This gorgeous braid of fibre is my newest spinning project. It wasn’t going to be - I had been toying with either an undyed Shetland or some green Southdown for socks but I just couldn’t decide. I asked some knitting friends to browse my spinning fibre stash online and make some suggestions, and one friend suggested laceweight using this blue fibre. The braid came from a fibre club run by Fibre Hut in the West Midlands. It was my first experience with a fibre club and when the first parcel arrived at my door and I ripped it open, I was delighted. The colours are just so me! I’d never heard of the Perendale fibre it is dyed on, though. |
That last point was what captured my imagination though. For all that I loved the blue tones of the fibre, I had no idea what to turn it into.
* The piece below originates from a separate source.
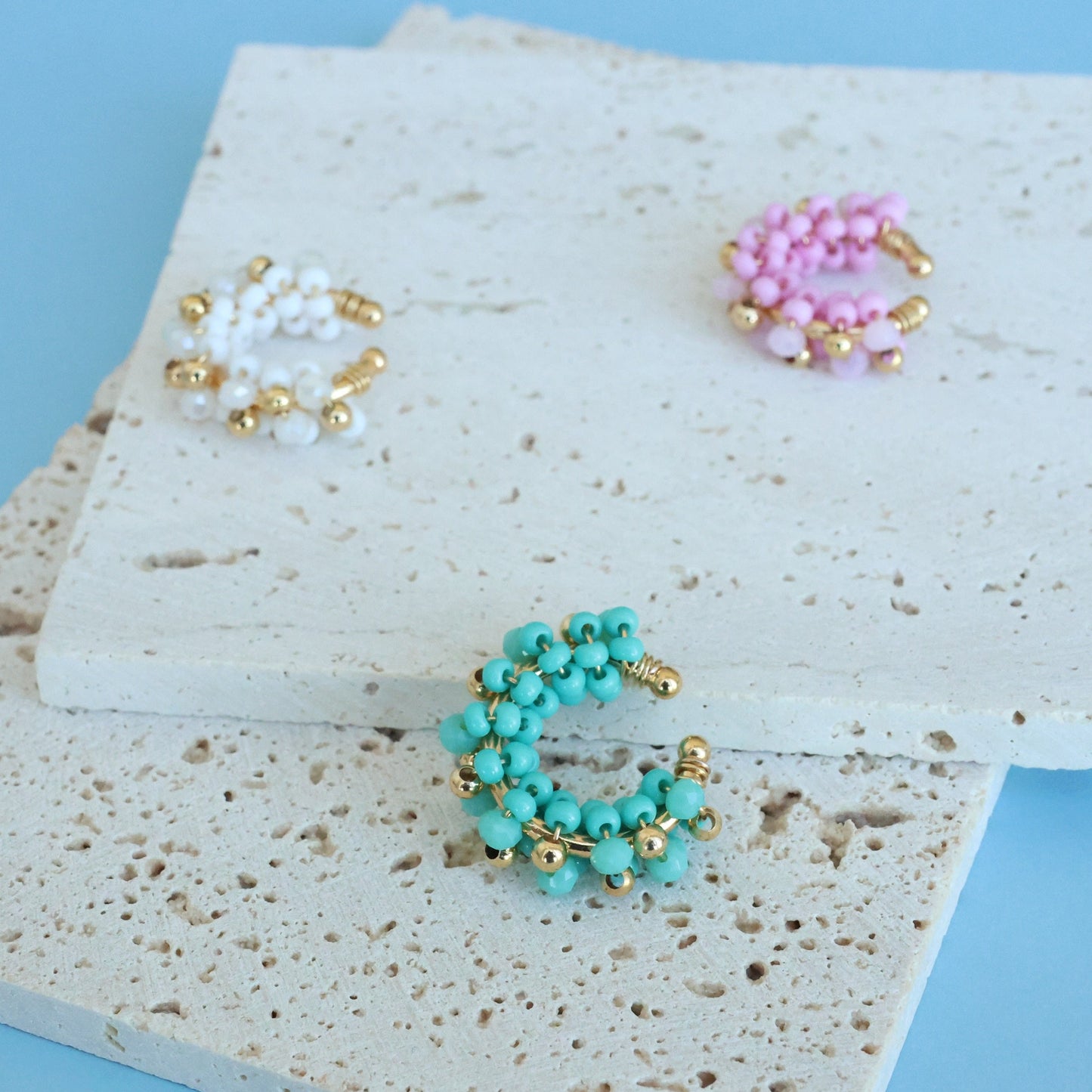 Spiral Beaded Ear cuff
Could a fibre that tended towards a haloed soft-textured yarn make a laceweight yarn that woeful give me the clean lace stitches I like? If I could spin it thin enough, it might.
The braid has various shades of blue, from sky blue through to navy, but not dyed as a gradient. For yarn for knitting lace, I want a 2-ply construction, and that gave me an idea. I decided to open up the braid and split it all the way down the middle lengthways to give two identical lengths of fibre.
I have already started spinning, at my wheel’s highest ratio (19:1), aiming for a very thin singles. The fibre drafts beautifully and a very fine yarn is not proving hard to produce so far. And just look at those blues!